UM CONTO DE PAOLA SCHROEDER

 











SOFIA

Ela nunca imaginou entrar num lugar daqueles, mas precisava se aquecer, de um drinque. Precisava parar de tremer. Sentiu uma dor no peito, levantou-se depressa e saiu sem a bebida, escorregando sobre a neve que jazia na calçada. Se alguém soubesse estaria morta, não podia pedir ajuda, era difícil manter-se em pé. Foi atravessando a noite pelas esquinas assustada. Olhando para todos os lados. E se ele tivesse a seguido. Tentou não pensar nisso e resolveu ir direto para casa. Lá estaria segura. Pelo menos até resolver o que fazer.

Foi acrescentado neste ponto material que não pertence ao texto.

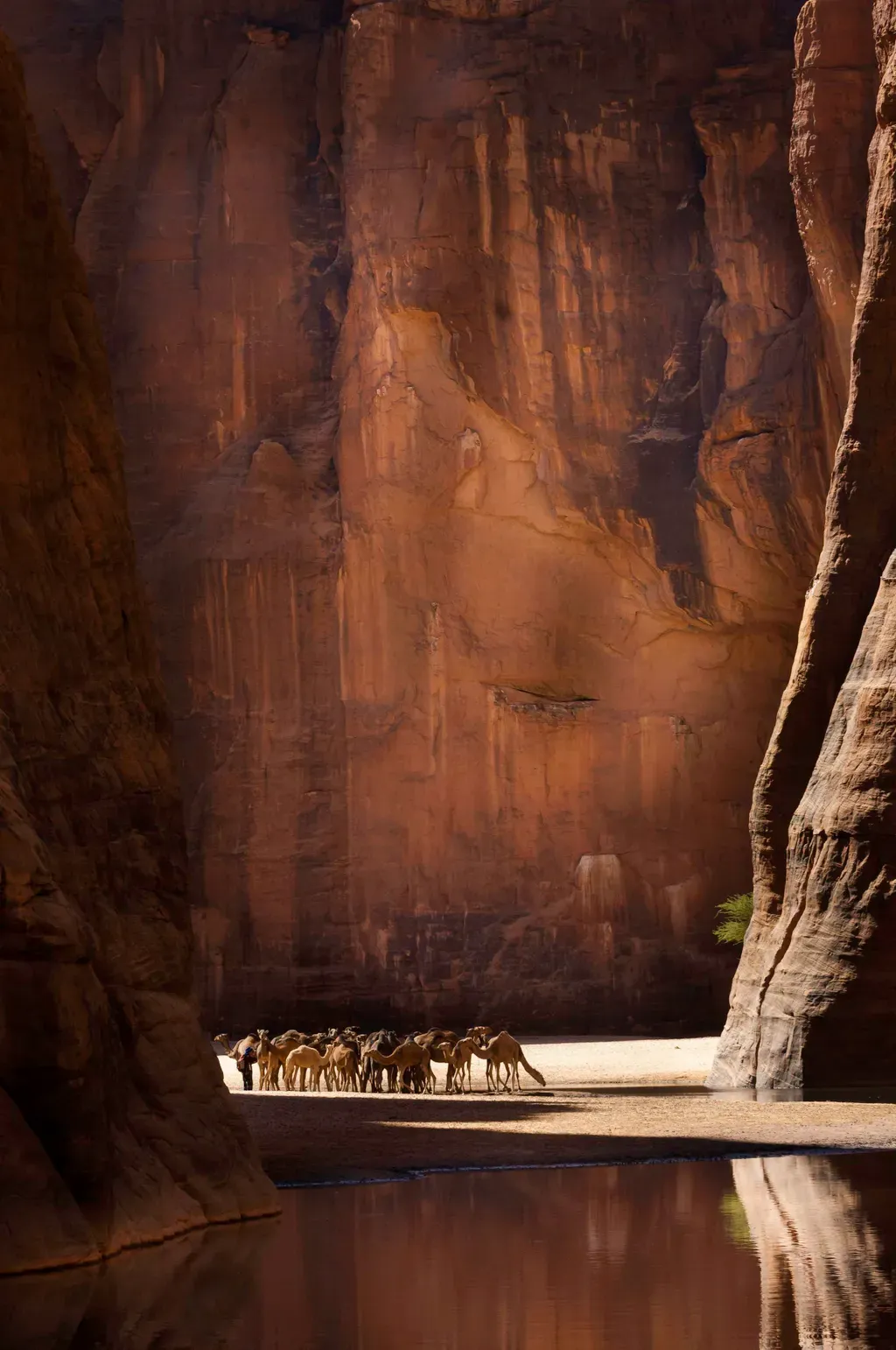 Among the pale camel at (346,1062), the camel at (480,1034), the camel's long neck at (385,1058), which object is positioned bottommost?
the camel at (480,1034)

Haviam se conhecido no final da primavera, se passara três anos que Sofia o encontrou perdido na livraria. Era um rapaz corpulento, de maxilar quadrado, mãos grandes e olhos bem arredondados com um castanho esverdeado. Já Sofia era pequenina, tinha os olhos escondidos atrás de um grande par de óculos. Usava saias e blusas que ficavam um tanto caídas no seu pequeno corpo. Trabalhava na livraria há mais de cinco anos e sentia-se segura diante do conhecimento que possuía, devorava livros de Filosofia, Arte, Direito e também se deixava levar pelos romances, além de ter um gosto secreto pelo erotismo, mas disso só ela sabia e não contaria a ninguém suas aventuras literárias nesse ramo. Estava no segundo ano da faculdade de Artes. Adorava ir à todas exposições que havia na sua cidade, que apesar de pequena tinha uma grande circulação cultural. Sentia-se acuada diante de homens como Carlos, mas algo nele atraiu sua atenção e resolveu atende-lo antes que outro o fizesse. Carlos era escritor e estava procurando inspiração para seu novo livro, quando viu Sofia sentiu-se satisfeito, como se sua busca tivesse terminado, trocaram números de telefone e combinaram de se encontrar no parque. Era um dia ensolarado, os olhos de Carlos ficaram completamente iluminados. Conversaram muito sobre literatura e arte. Ele além de bonito era também muito inteligente e isso a fascinava. Ficou um pouco desconcertada no início do encontro diante do seu corpo, mas logo se sentiu acolhida e protegida.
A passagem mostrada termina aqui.